I lasted about five minutes before the first tear slid slowly down my cheek. I was fine at first, but then I caught a glimpse of one of the other families that had been at the satellite church with us. It made me sad, thinking how we used to spend our Sunday mornings together, in a small church where we all knew each other and cared for each other and prayed for each other, where we all worked together to be the church.  There, attending church meant building relationships. It meant walking into a group of people who knew your struggles. It meant that when you sat down for the service, the person sitting next to you was your friend and you knew their kids and had been to their house. Now, we were islands of families dotting a throng of strangers.

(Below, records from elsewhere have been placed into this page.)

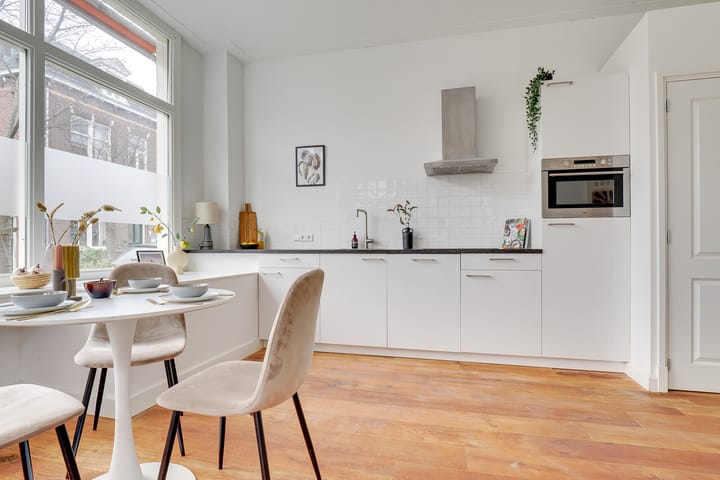 Photo 3 of Johannes Camphuysstraat 47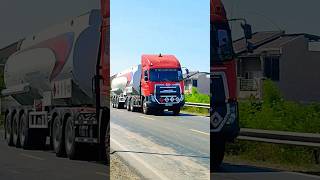 UD Quester Trailer Trucks in Jalingkut Tegal udquester trailertruck [upl. by Teerell]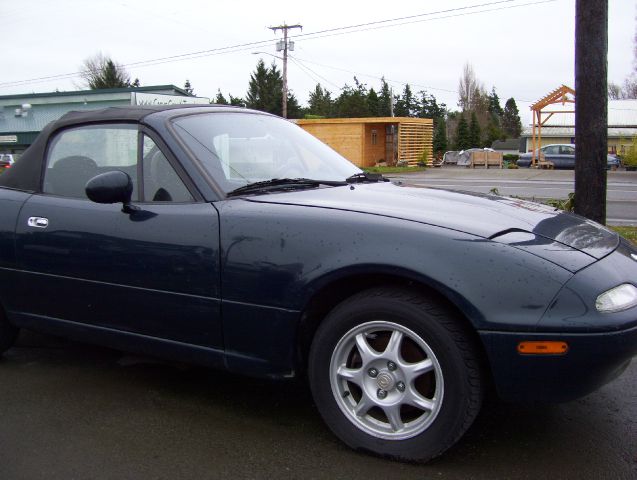 1997 Mazda MX-5 Miata Base XE GLE GXE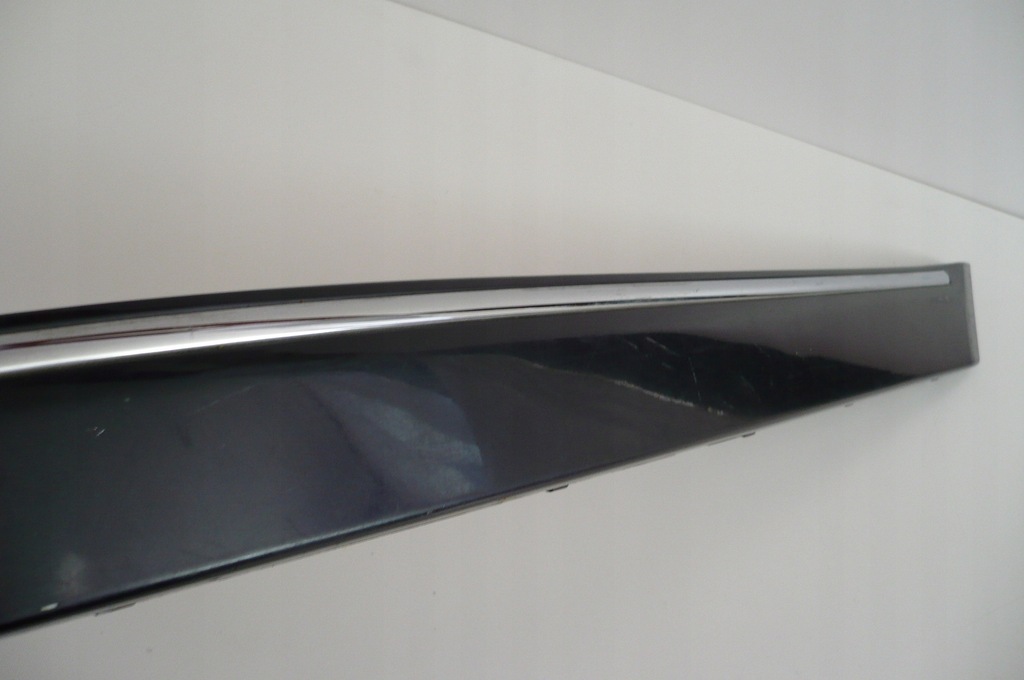 фото №9, Mercedes c-klasa w203 молдинг бампера задня права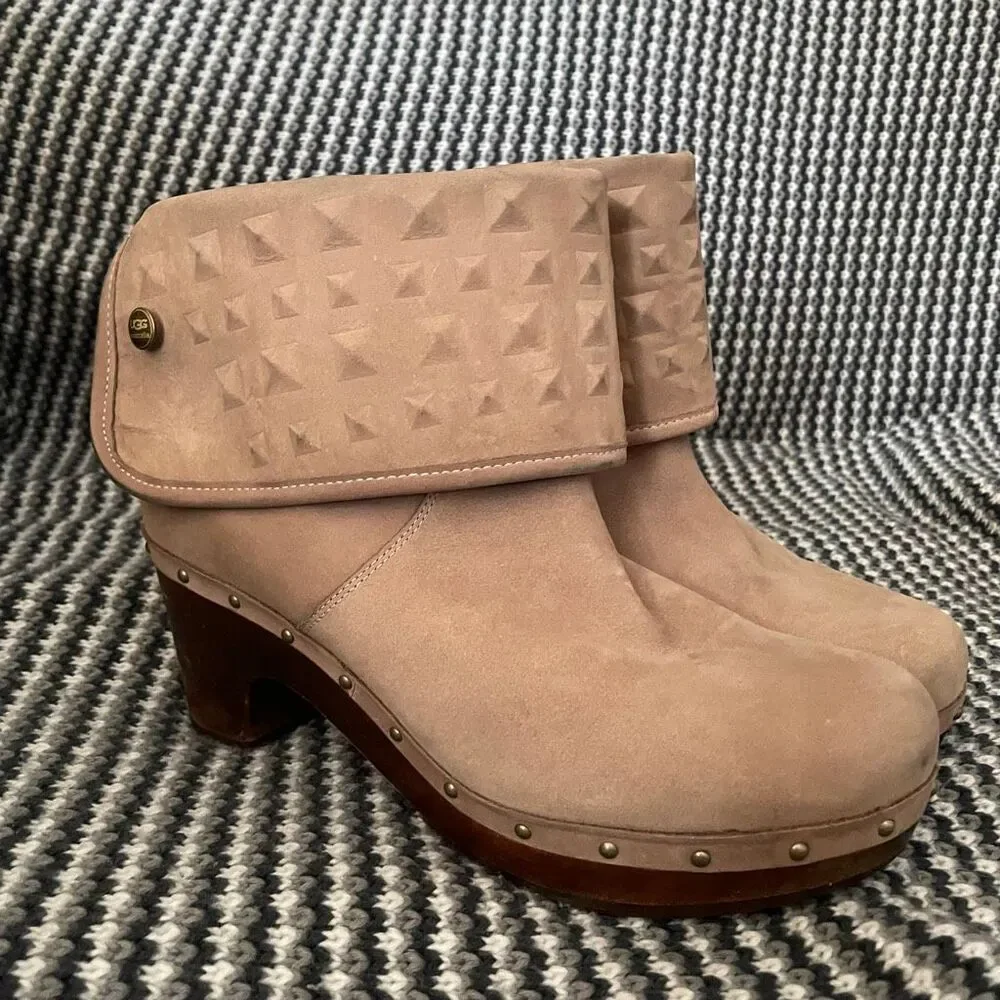 UGG Lynnea Studs clog bootie women’s shoe size 9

It’s easy for me to blame the church, for closing our satellite campus without our consent. I’m angry. I’m sad. And I’m trying to recover, but it’s hard, and so much of life has been hard lately, that I can’t seem to get over it. Why so sad? Because sometimes life just sucks, and you hope that your church is not going to be the one to let you down, but they did. They let me down. And when I was sitting there, ignoring the pastor’s request that we stand and greet each other, part of me wanted to keep feeling invisible in that crowd. But the other part of me wanted them to see, to know I was sad and that coming to church can’t make everything better. When that nice man gave his best effort at showing love to me in that moment, I fought an internal battle. What I said in response was, it’s a long story, so that I wouldn’t have to explain. What I wanted to say was, I’m sad because I don’t want to be here. Because I had a church family who I loved and who loved me, and now I don’t. Now I have to start over, in a place where I’ve never really felt at home.

I didn’t say those things because it’s awkward to bring someone into your anger and sadness when you don’t know them and when they probably love the thing that you’re railing against. But I wanted to bring him in, this man at church. I want to bring them all in. I want to shine a light on this thing the church did, to tell them all how much I’m hurting. I want to be angry and heartbroken and I want them to know I’m angry and heartbroken. I want them to care.  They took my church away, they took my ministry away, and then they left me alone to flounder in a crowd of strangers, assuming I would transition back in like everyone else.  It has been a hard reminder that the church is made up of people, broken and struggling and doing the best they can. I expect my church and its leaders to be above hurting people, to be better than that, to be Christ’s love all the time without fail, but it can’t, they can’t. And there are so many good people there, trying to do their best, trying to love. We talk so much about forgiveness and mercy and grace, but I just never expected that I would have to forgive to my church, to show mercy and grace to the pastors and elders.

I am thankful for that man, who reached through the pain to ask me why I was sad. I couldn’t tell him why I was crying, but the gesture was meaningful and compassionate and full of grace. And it surprised me. I wasn’t invisible to him, when it would have been easy for him to pretend that I was. I am thankful for my husband, who held my hand, who looked at me with tears in his own eyes and who cared for me in my pain as we walked out of the church after only twenty minutes.

I’m hanging on so tightly to what we had before. And most of those people that I lived my life with for those years in the satellite church came back to the main church, so I want to come back, despite my anger and sadness. I want to continue living my life with those people because I love them. But this place is not church to me. I don’t feel God here the way others do. I don’t feel God here the way I did at our small satellite location. And I feel like now I have to choose between those relationships and finding a church where I feel at home. And I don’t know what choice to make.